Tire Pressures for 2022

I use Suzuki branded oil in my Suzuki!!!

I know, absolutely do NOT use Suzi oil in your Suzi!!!!

(No, I don't actually run it. Well maybe I do, since S probably just slaps their label on the bottle.)
 
On Monday, we tell someone to RTFM. On Tuesday, we tell someone to ignore the manual.
Oil change intervals, anyone?
There is quite a bit of real world experience on this forum....people who have logged thousands and thousands of miles in all kinds of situations and conditions. I for one would not sneer at this.

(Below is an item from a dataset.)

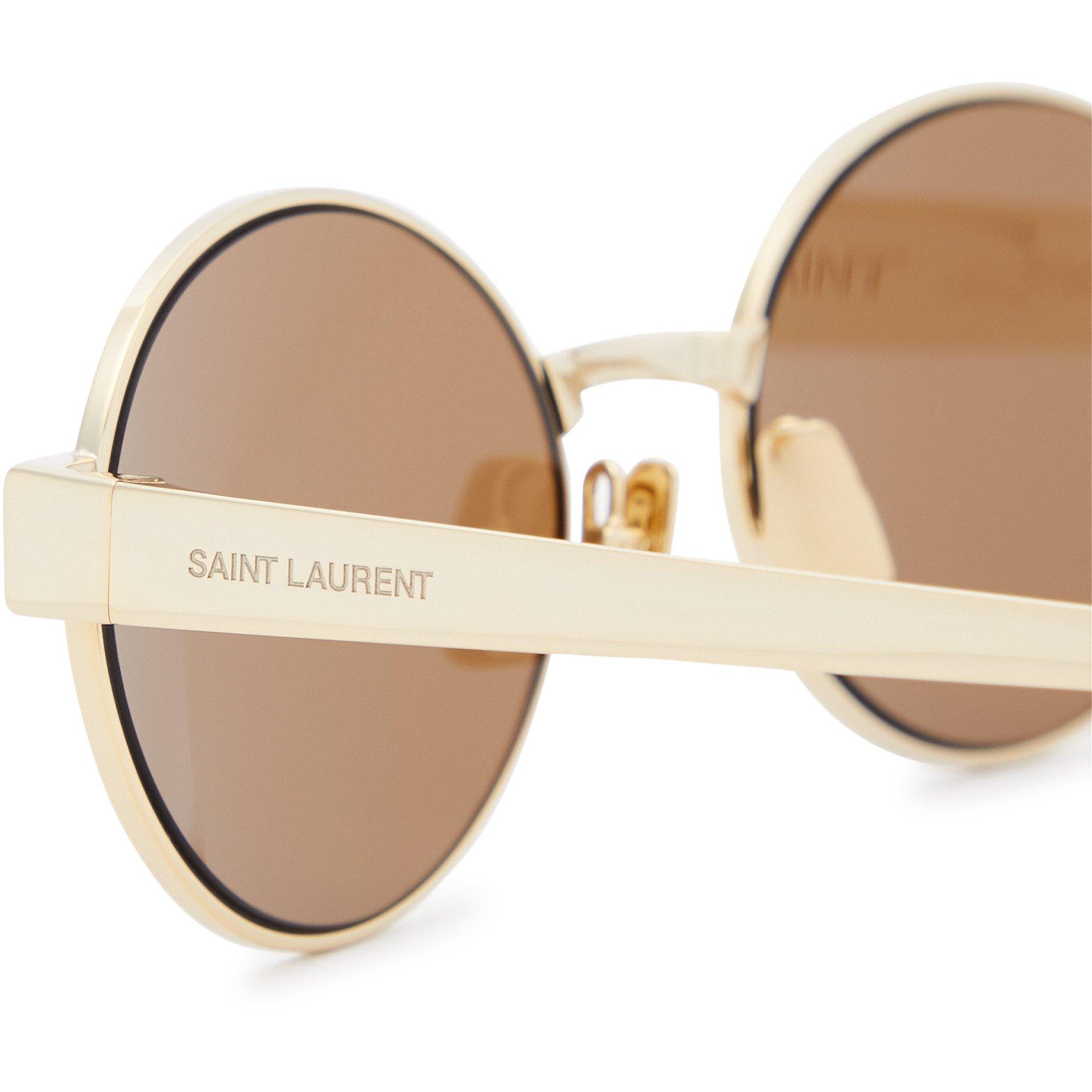 GOLD - Saint Laurent - Women's Oval Sunglasses - 3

Take a look at a car tire, often times the max pressure does not equate to the recommended tire pressure inside the door jam. Bike tires are the same, when I was racing, we played with tire pressure all the time to maximize our grip.
 
I run 42/42. I’ve heavy at up to 285 (working on getting down to 250 for a competition) and those pressures do not have me sliding or losing traction unless cold pavement on cold tires. I can lean off bike and scrape pegs and brake extremely hard with zero loss of traction detected.

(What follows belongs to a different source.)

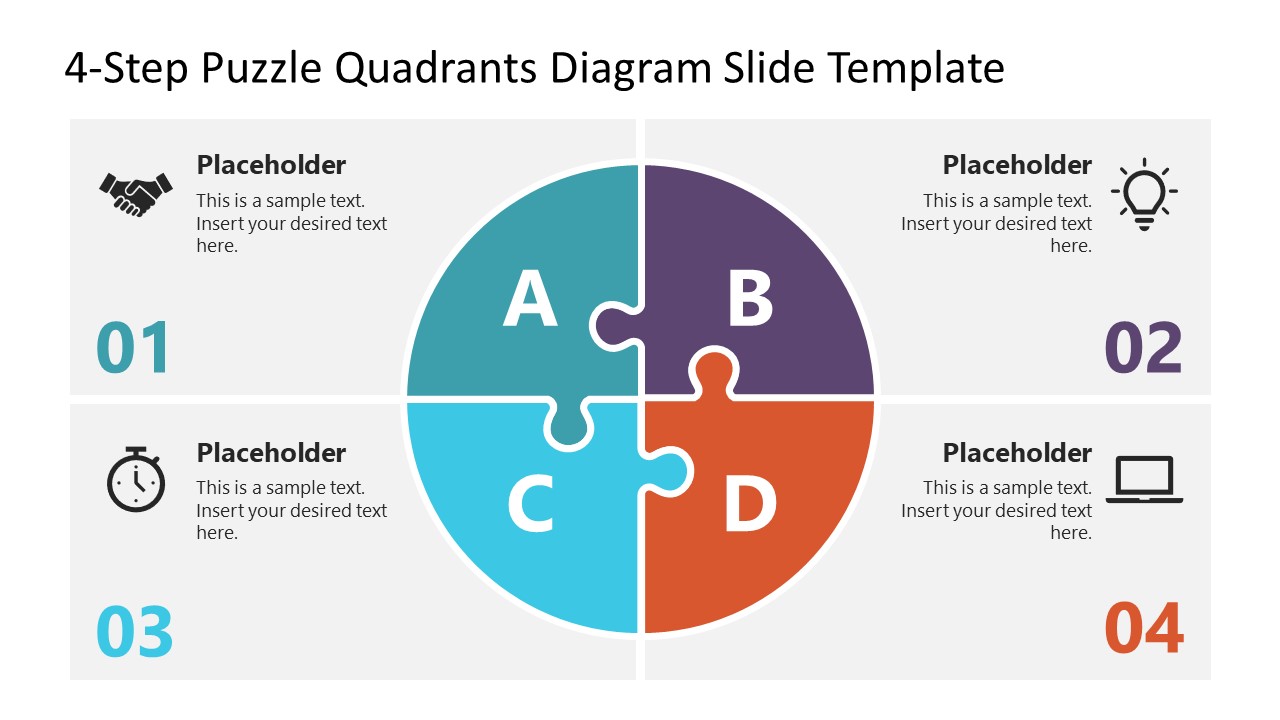 PPT Puzzle Quadrants Slide Layout for Presentation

Due to my weight and how I ride, the bike eats tires. A new set every 2k miles or less and that’s with the tires bald.

029E7561-5BB8-45B0-BEE0-B7E237C02C90.jpeg
 
If you check your tires before you ride, you know what psi they are.
If you warm them up, stop, check them, you know what they warmed up to.
If you pay any attention when you ride, you will learn/should know what variances in tire pressures do, how they will feel in relation, and how it will effect handling.
You will be able to feel if one or both tires is deflating...vs constantly taking your eyes off the road to look at the guage.
Tpms is convinient for some, pointless to many, but a select few seem to have to have it, to each their own.
As for psi, it has already been shown on tires as 42psi as the Max...and the heat of riding increases the psi.
Anyone riding on 42/42 can Not use the bike to it's capabilities, and it is about the same as improper set suspension sag.
If it works for you, great, but it is not correct.
But, I'm just some guy on the internet, so check out what Dave Moss/tire and suspension guru, has to say about it.
 
I run 42/42. I’ve heavy at up to 285 (working on getting down to 250 for a competition) and those pressures do not have me sliding or losing traction unless cold pavement on cold tires. I can lean off bike and scrape pegs and brake extremely hard with zero loss of traction detected.

Due to my weight and how I ride, the bike eats tires. A new set every 2k miles or less and that’s with the tires bald.

View attachment 1658746

Since 285 is nowhere near 520 pounds, I would venture to say that due to your weight and the way you ride (and) running 42/42 might be why your tires last only 2,000 miles.
 
There is quite a bit of real world experience on this forum....people who have logged thousands and thousands of miles in all kinds of situations and conditions. I for one would not sneer at this.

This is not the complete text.